- Given records -
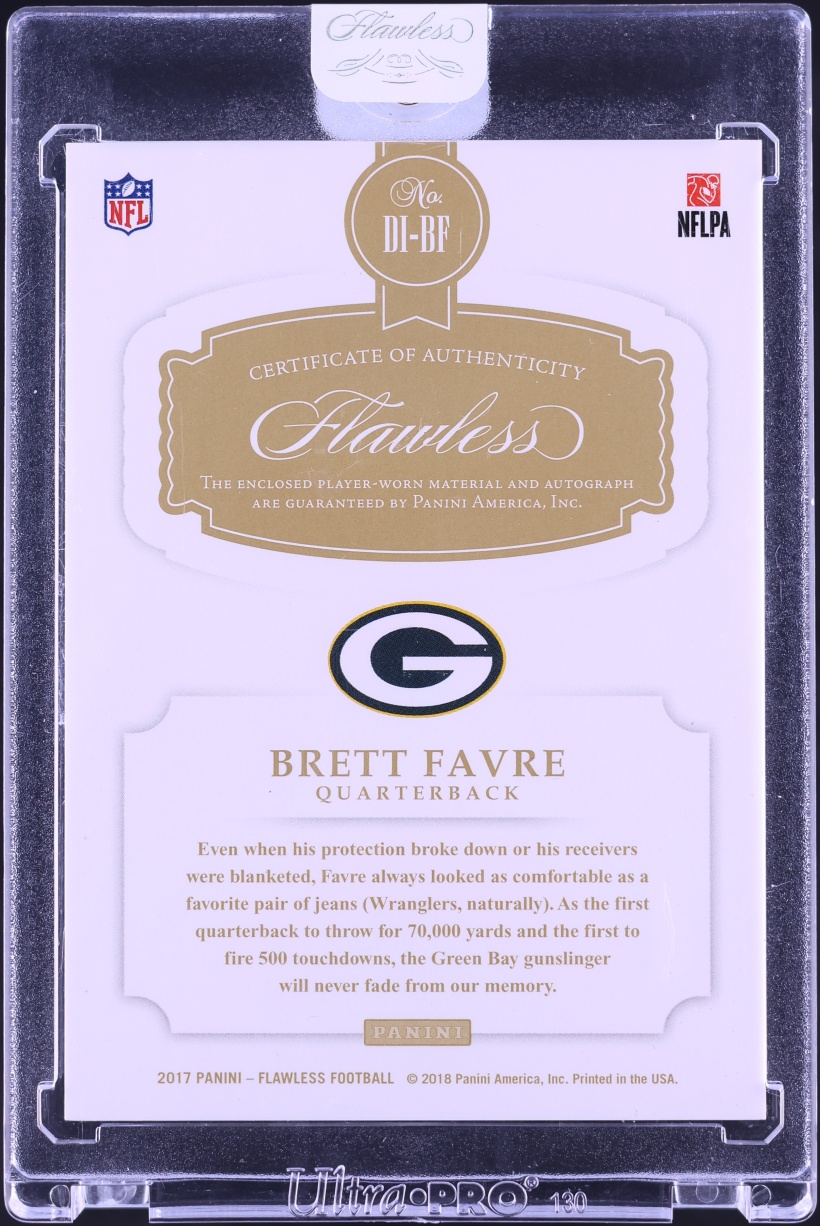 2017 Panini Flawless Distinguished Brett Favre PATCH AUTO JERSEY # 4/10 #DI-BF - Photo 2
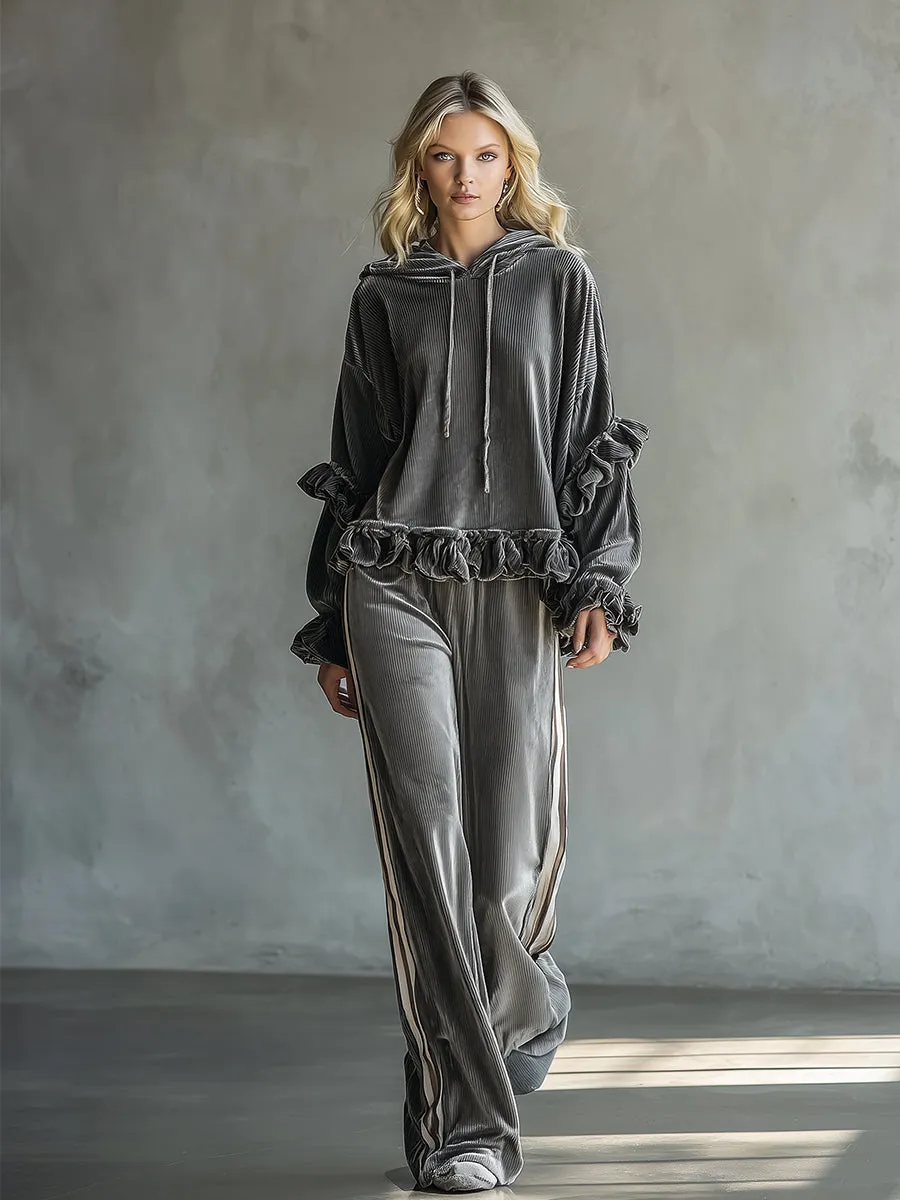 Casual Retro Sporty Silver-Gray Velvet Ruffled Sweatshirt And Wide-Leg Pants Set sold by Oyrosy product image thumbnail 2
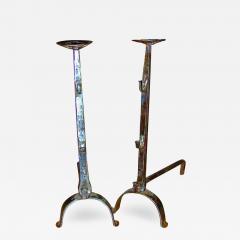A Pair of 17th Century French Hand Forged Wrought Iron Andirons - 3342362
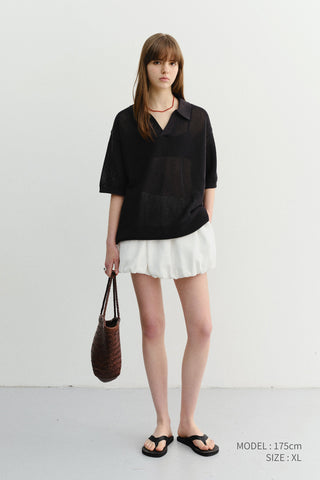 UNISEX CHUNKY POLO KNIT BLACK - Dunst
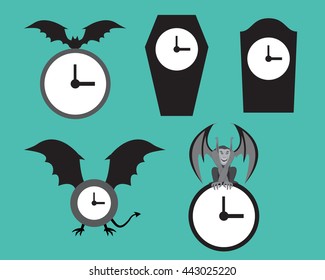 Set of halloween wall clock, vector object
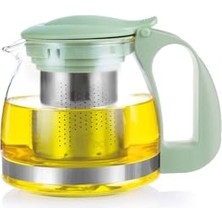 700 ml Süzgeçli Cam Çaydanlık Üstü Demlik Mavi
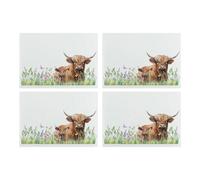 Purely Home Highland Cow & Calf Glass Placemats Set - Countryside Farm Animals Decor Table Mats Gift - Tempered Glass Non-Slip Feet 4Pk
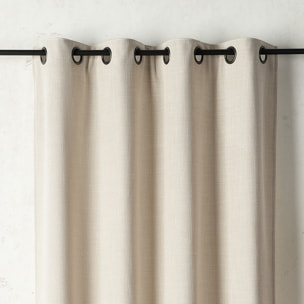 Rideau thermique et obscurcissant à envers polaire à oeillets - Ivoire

---

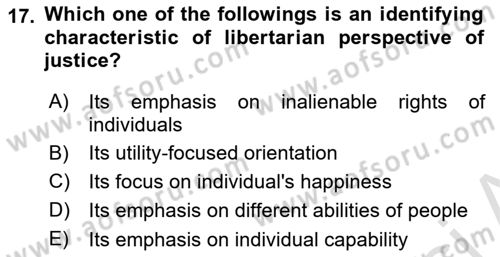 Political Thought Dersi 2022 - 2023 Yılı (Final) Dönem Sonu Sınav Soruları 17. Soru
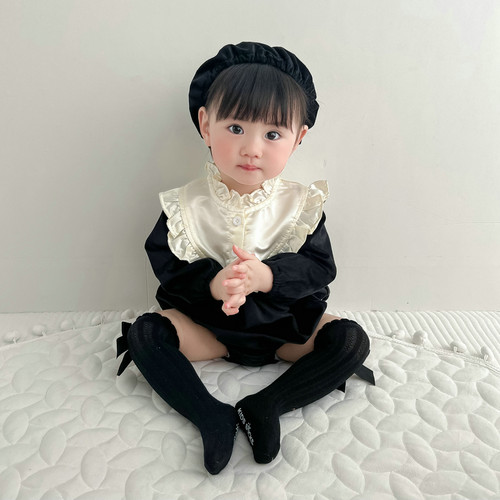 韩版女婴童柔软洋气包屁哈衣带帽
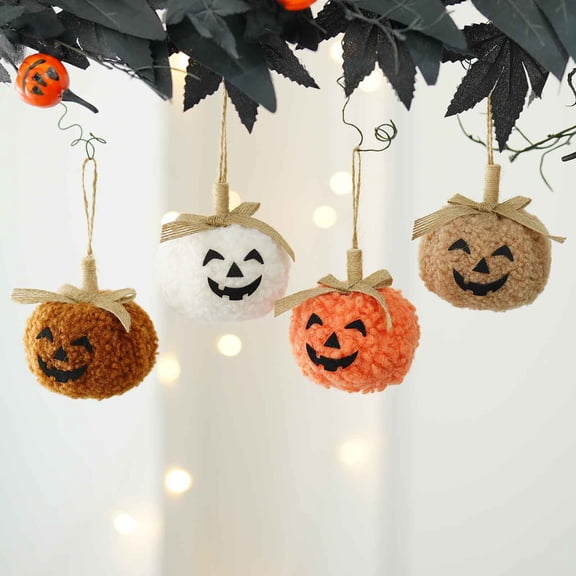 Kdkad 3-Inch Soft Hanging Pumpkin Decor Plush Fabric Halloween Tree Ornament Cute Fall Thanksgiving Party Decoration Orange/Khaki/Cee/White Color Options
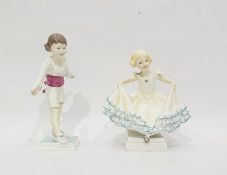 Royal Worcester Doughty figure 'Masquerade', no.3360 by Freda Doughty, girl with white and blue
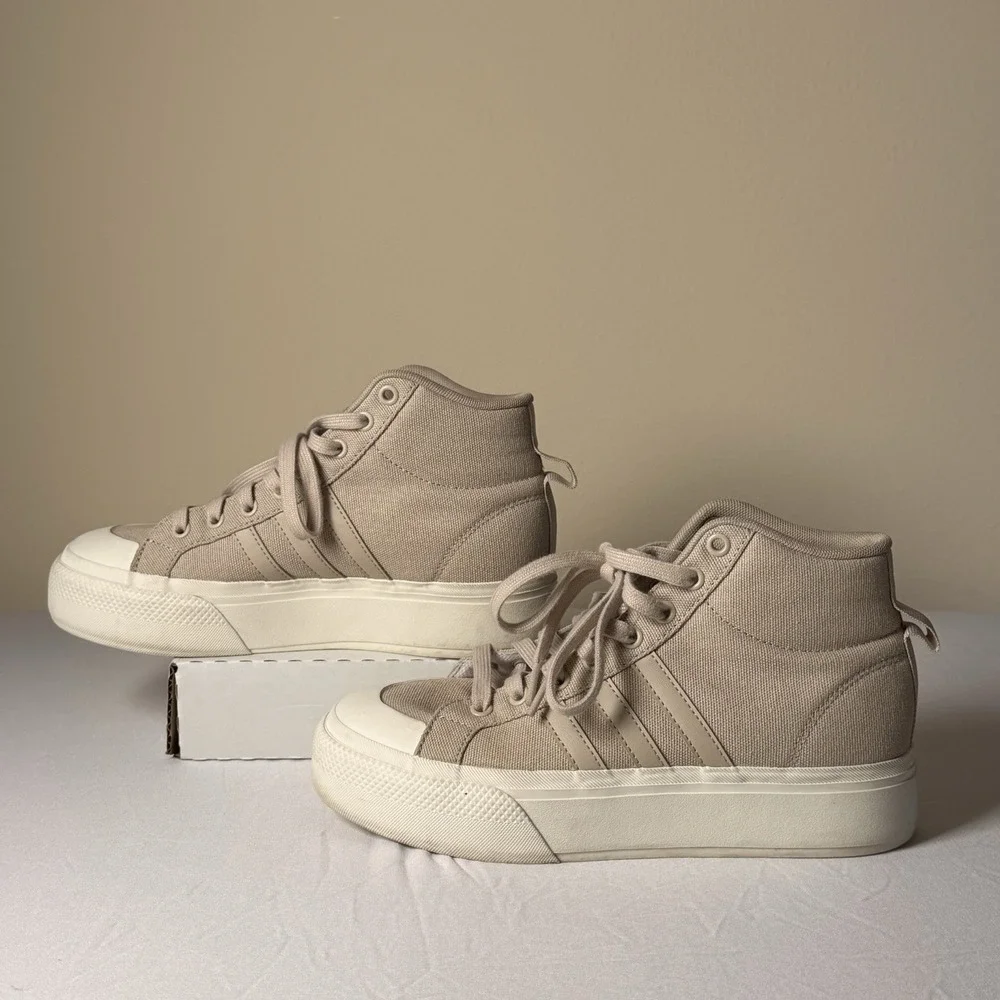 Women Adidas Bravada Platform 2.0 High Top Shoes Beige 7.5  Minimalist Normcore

- Assigned task -
Exactly the lines starting at the one above with "Kdkad 3-Inch Soft" and ending at the one with "Women Adidas Bravada" should be printed, and nothing else. Omit the pictures.

- Answer section -
 Kdkad 3-Inch Soft Hanging Pumpkin Decor Plush Fabric Halloween Tree Ornament Cute Fall Thanksgiving Party Decoration Orange/Khaki/Cee/White Color Options
 Royal Worcester Doughty figure 'Masquerade', no.3360 by Freda Doughty, girl with white and blue
 Women Adidas Bravada Platform 2.0 High Top Shoes Beige 7.5  Minimalist Normcore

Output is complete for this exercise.